# Machine Learning: An Introduction to CART Decision Trees in Ruby

In the middle of last year, we released an internal tool to help address a pretty significant issue. That is how the Pecas tool was born, and you can read about the Business Case for Pecas here .

Pecas relies on a binary classification machine learning model to classify time entries as valid or invalid. It is a combination of a Django app, that hosts the Slackbot and other data processing tasks, and a FastAPI app that hosts the machine learning model built using the Scikit-learn Python library. Scikit-learn provides a great set of classification models you can use, which are optimized and very robust, making it a solid choice to build your model. However, understanding the principles behind the classification can be a bit tricky, and machine learning models can feel a bit like a black box.
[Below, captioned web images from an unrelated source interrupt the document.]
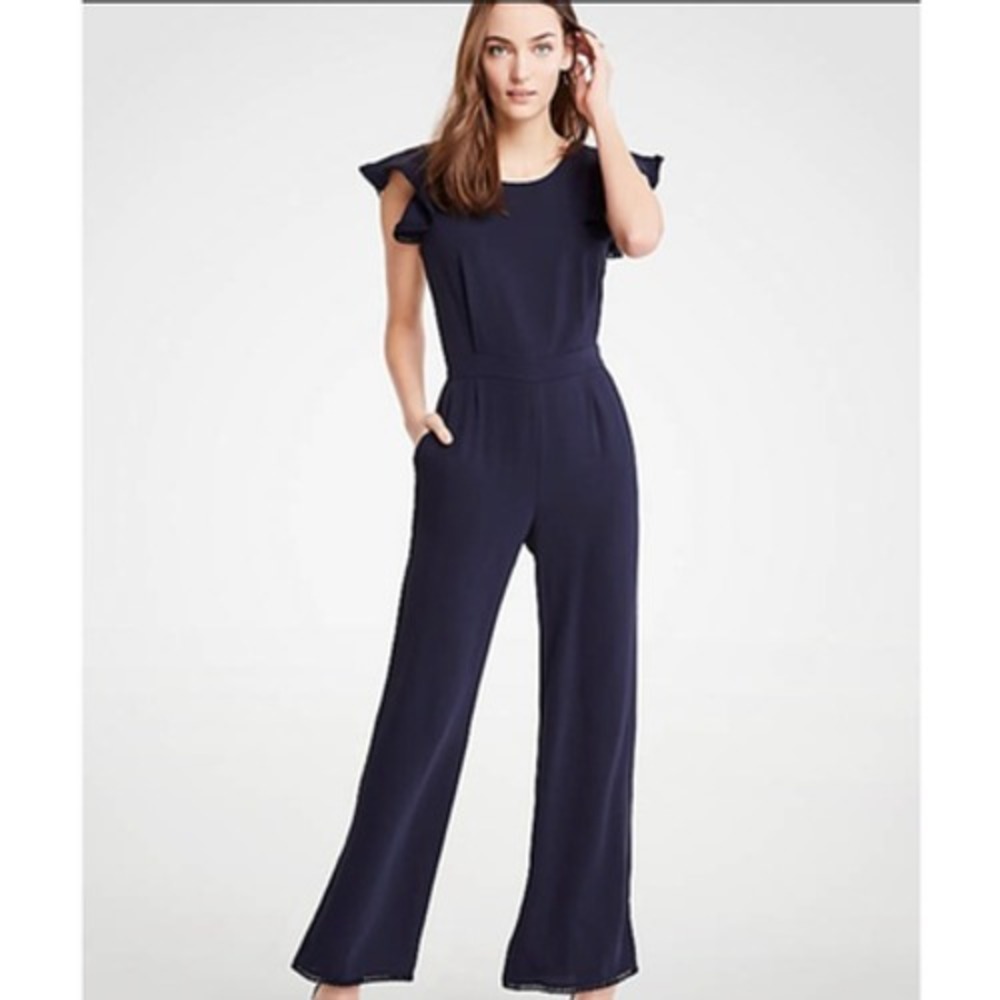 Ann‎ Taylor Loft Jumpsuit Romper Navy Blue Size 8 Elastic Waist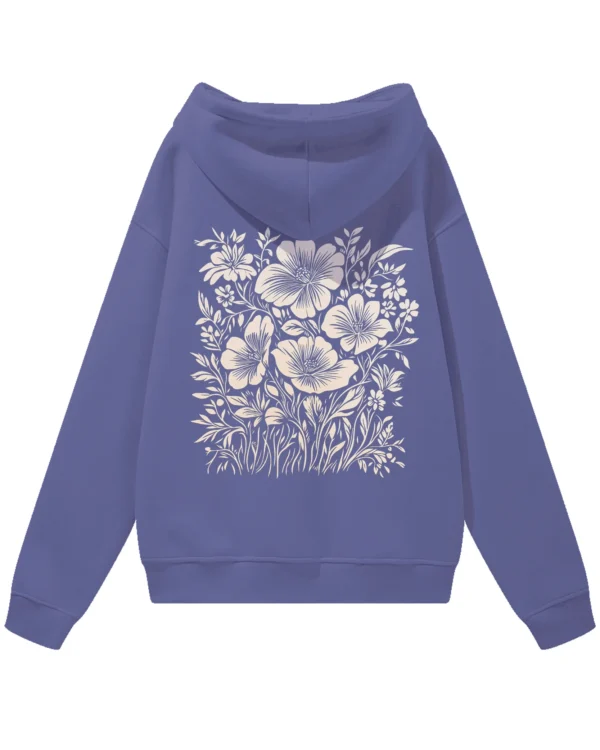 Bluza oversize z kapturem <br>Motyw kwiatów natura i elegancja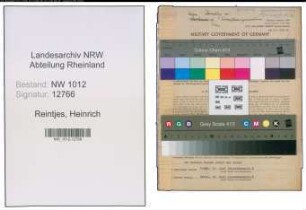Entnazifizierung Heinrich Reintjes , geb. 10.01.1889 (Verw.Direktor)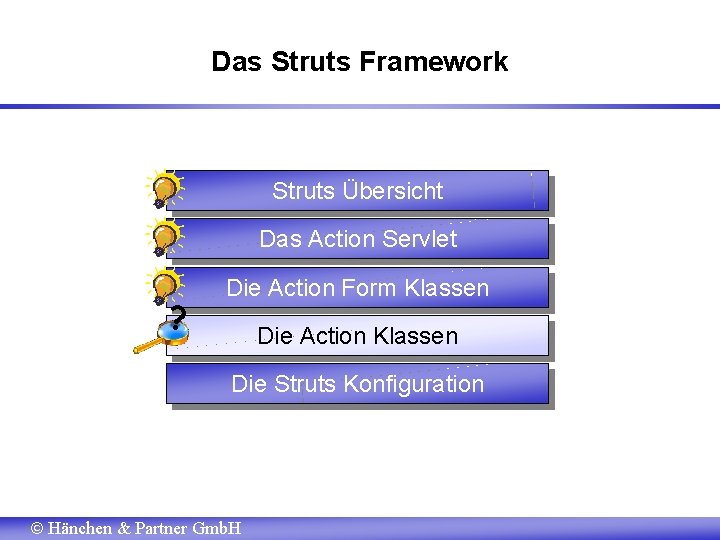 Das Struts Framework Struts Übersicht Das Action Servlet ? Die Action Form Klassen Die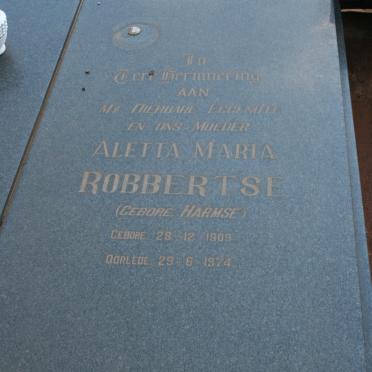 ROBBERTSE Joseph 1907-1976 &amp; Aletta Maria HARMSE 1909-1974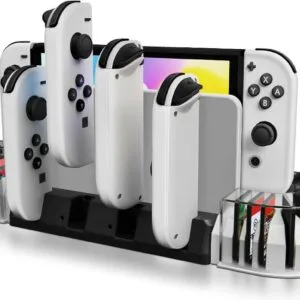 kjh charging dock and card holder for nintendo switch and nintendo switch oled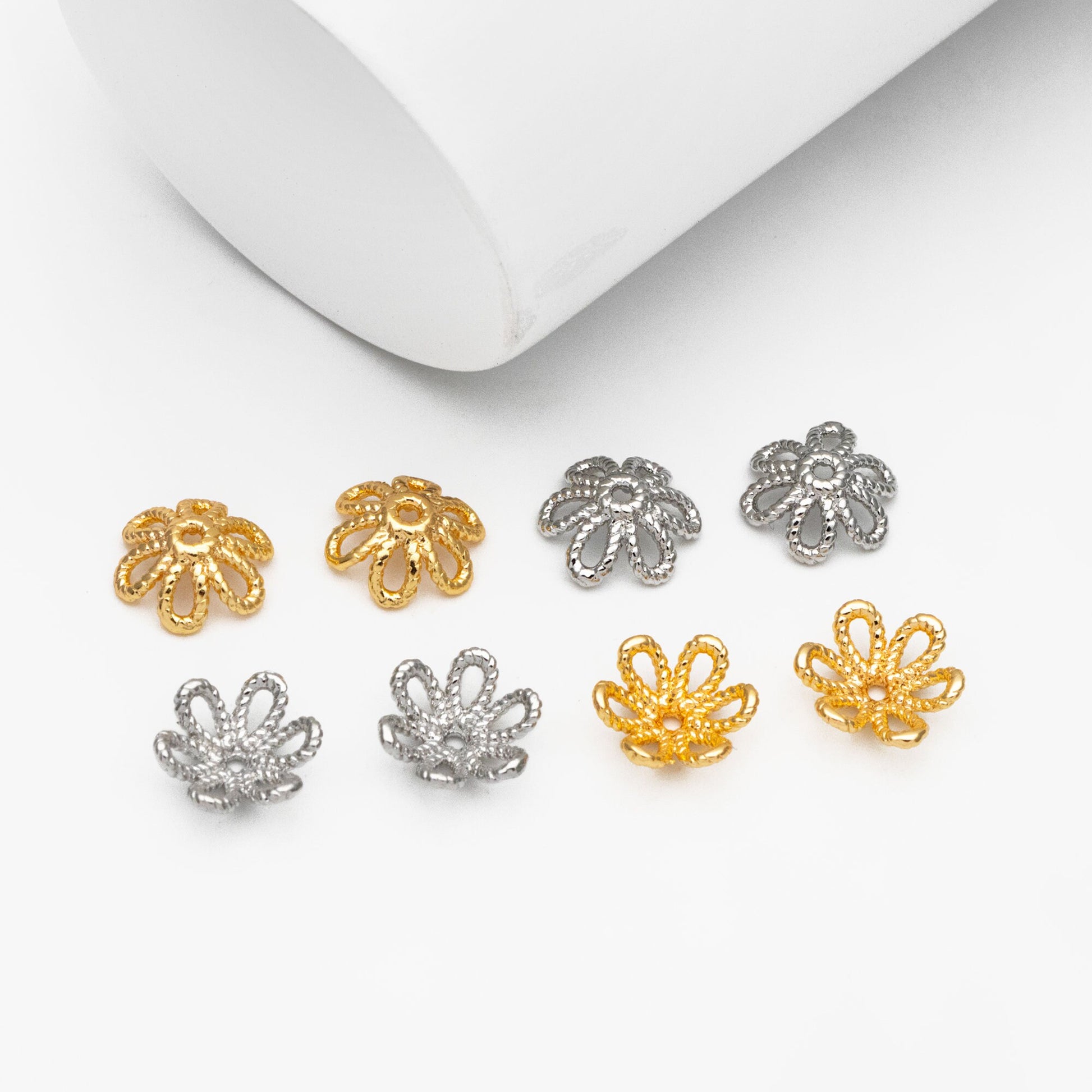 20pcs Gold/ Silver Floral Bead Caps 10mm, Fit 12mm Beads, Real Gold/ Rhodium plated Brass, Lead Nickel Free (GB-196)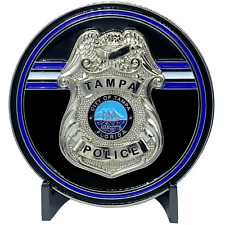EL2-016 Tampa Florida Police Office Challenge Coin Tampa Bay Thin Blue Line Back picture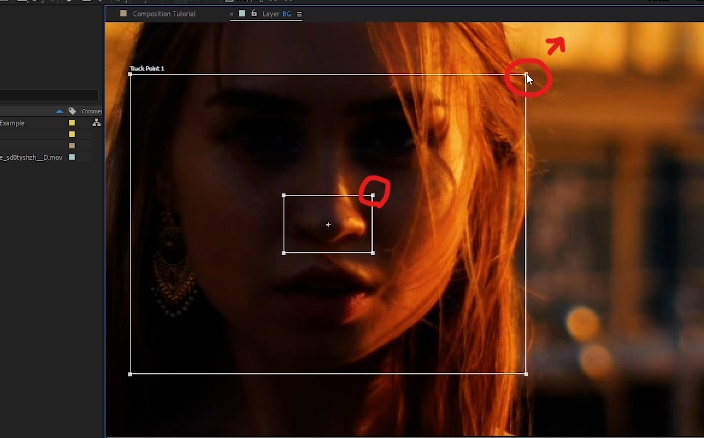 Switch to master choice tool and adjust track point 1 box in middle of footage to track desired footage 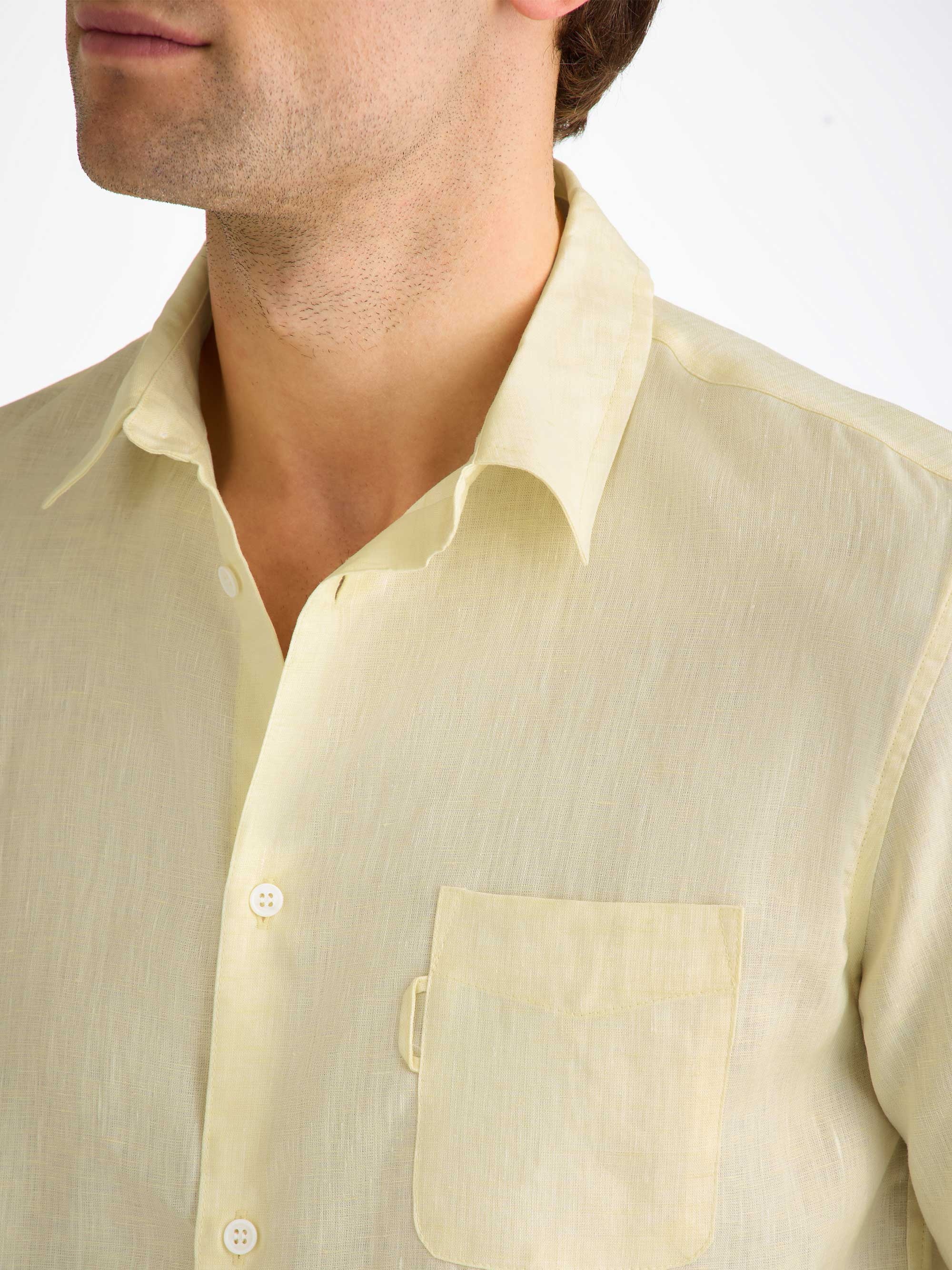 Men's Shirt Monaco Linen Buttermilk - 5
In this series, we’ll explore some principles of machine learning, namely binary classifiers, and walk through how they connect to each other, in Ruby. This article will focus on decision trees, namely CART (Classification And Regression Trees) and a little bit of the mathematics behind them.

## A Brief Introduction to Decision Trees and Binary Classification

Decision trees are a very popular machine learning algorithm that belongs to the supervised learning category. They are quite flexible and can be used for both regression and classification tasks. We’ll focus on classification.

*Example of a decision tree. Source: Decision Tree Classification in Python by DataCamp *

Tree-based methods work by taking in a dataset and repeatedly dividing it into smaller groups. The main goal is to always divide the data in a way that makes the smaller groups as homogeneous as possible, that is, choose the split that results in the grouping with the most items from a single class. Before we dive into how decision trees work, let’s cover some concepts that will be used throughout this article:

**Supervised learning**: Refers to the group of Machine Learning techniques that predict an outcome based on labeled data.
That is data that includes all the variables used for predictions (predictors) as well as the actual prediction (label)
associated with each individual record.

**Homogeneous data**: Refers to a subset of data that belongs to a single class.

**Class or Label**: Each of the potential outcomes (or categories) in a classification task.

**Regression:** Type of supervised learning that involves predicting a continuous output variable based on one or more input features.

**Classification:** Type of supervised learning that involves predicting discrete labels (or categories) for a given input.

**Binary classification**: Refers to classification problems with two target classes.

**Overfitting**: When a Machine Learning model learns too much about the training data and loses its ability to generalise,
performing poorly on unseen data.

Some important terms to keep in mind when working with decision trees are:

**Root Node**: Topmost node in the tree, representing the entire dataset. All branches originate from the root node.

**Decision Node**: Nodes within the tree where data is split. Can lead to another decision node or to a leaf node.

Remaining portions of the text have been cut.